Para a defensora pública Thais Dominato, atuante no Núcleo Institucional de Promoção e Defesa dos direitos da Mulher (Nudem), em Campo Grande, apesar dos desafios ainda existentes, a lei trouxe grandes avanços.
"A Lei da Maria da Penha é um grande instrumento. Ela tirou da invisibilidade a violência contra a mulher, que até pouco tempo era vista como uma conduta naturalizada, um problema de esfera privada. E a Lei mostrou que é um problema do Estado, da sociedade, pois é uma violação de Direitos Humanos", enfatizou Thais.
Entre os desafios, a defensora cita que o Estado precisa criar diversos instrumentos para tirar a mulher do ciclo de violência, que não termina com a punição do agressor. "Não é só punir o agressor. A Lei Maria da Penha sinaliza que o Estado crie políticas públicas para encorajá-las a denunciar e depois protege-las".
"Essa história de que mulher gosta de apanhar é um absurdo. Não é tão simples para as vítimas denunciarem, os estudos mostram que elas ficam presas no ciclo da violência entre 9 e 10 anos até conseguir sair, e isso por diversos motivos como medo, vergonha, dependência financeira e afetiva, por acreditar que a pessoa vai mudar", afirmou a defensora.
Outro desafio citado por Thaís é a atuação com perspectiva de gênero por parte dos operadores do Direito, e isso envolve toda a classe jurídica desde advogados até juízes. "Nos casos de morte violenta contra as mulheres é preciso, desde a investigação, tratar com perspectiva de gênero. Muitas mulheres morrem com facadas nas partes Íntimas (seios e órgãos genitais), tem rostos desfigurados, isso são evidências claras do ódio por gênero que não podem ser desprezadas", afirmou.
A defensora também enfatizou a importância das vítimas terem defesas atuantes durante as audiências, para impedir questões que denigram a imagem da mulher e reforcem estereótipos. "Não podemos admitir mais, que certos fatores sejam vistos como justificativas para a agressão. Dizer ou mostrar indícios de que ela traiu, por exemplo, não podem ser motivos para absolvição", frisou Thais.
Outro grande desafio citado pela defensora diz respeito à cultura e comportamento da sociedade. "Os meninos ainda são criados com a mentalidade de serem donos das mulheres, acreditando que elas são suas propriedades. A Lei é recente, o machismo, por sua vez, é muito antigo e está enraizado. Daí a importância do tema ser abordado dentro das salas de aula, para que através da educação, haja a mudança de cultura", explicou.

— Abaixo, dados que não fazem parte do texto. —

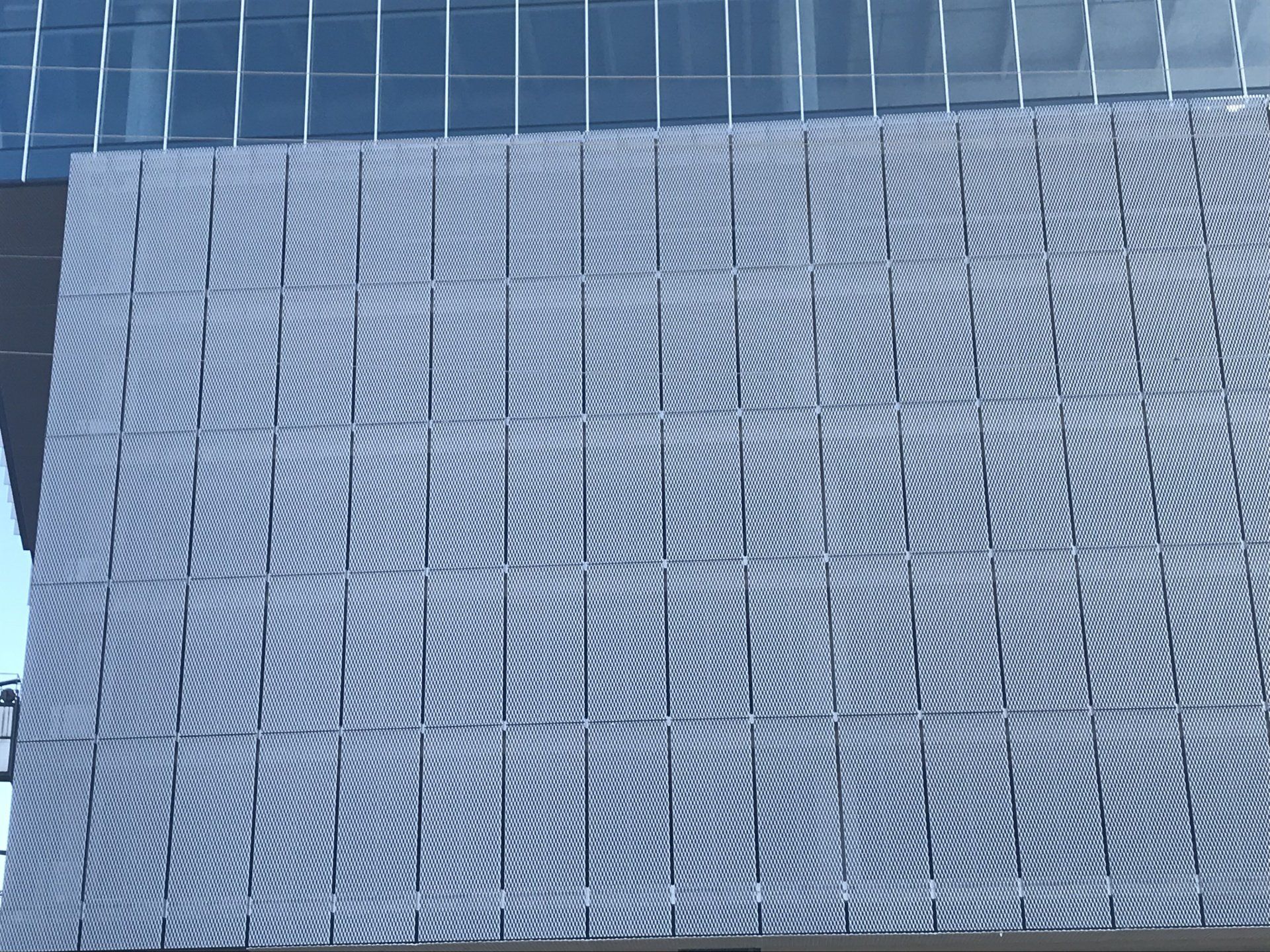 A large building with a lot of windows and a gray facade.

Ela também citou que a sociedade ainda não entendeu que há uma desigualdade de gênero. "Ainda acham que não é necessária uma Lei como a Maria da Penha porque mulheres e homens estão no mesmo patamar, e não é assim. A gente vê os dados que apontam a verdadeira realidade", destacou.
A defensora acredita que a lei deve ser mais divulgada. "Uma pesquisa do DataSenado apontou que 100% das entrevistadas conhecem a Lei Maria da Penha, porém 70% disseram conhecer pouco, ou seja, não sabem de todos os seus direitos. E a informação é um agente transformador", concluiu Thais.
Feminicídio, o ápice da violência contra a mulher
Quando uma mulher é vítima de feminicídio possivelmente ela já sofreu todas as outras formas de violência, é o que explica a Defensora Thaís. "O feminicídio é o ápice da violência. Costumamos dizer que é uma morte evitável, pois já dá sinais desde o início, vem precedido das ameaças, das agressões".
A defensora explica que, da mesma forma que não existe um perfil de vítima, já que as agressões independem de classe social, raça ou religião, também não existe um perfil específico de agressor, por isso é necessário ficar atento ao comportamento.
"Tudo começa numa simples ameaça, que a gente despreza. Se ele exige o compartilhamento de senhas de redes sociais, controla o comportamento e as roupas da mulher, não deixa ela visitar amigos e famílias, o relacionamento é abusivo e poderá culminar em violência", alertou Thais.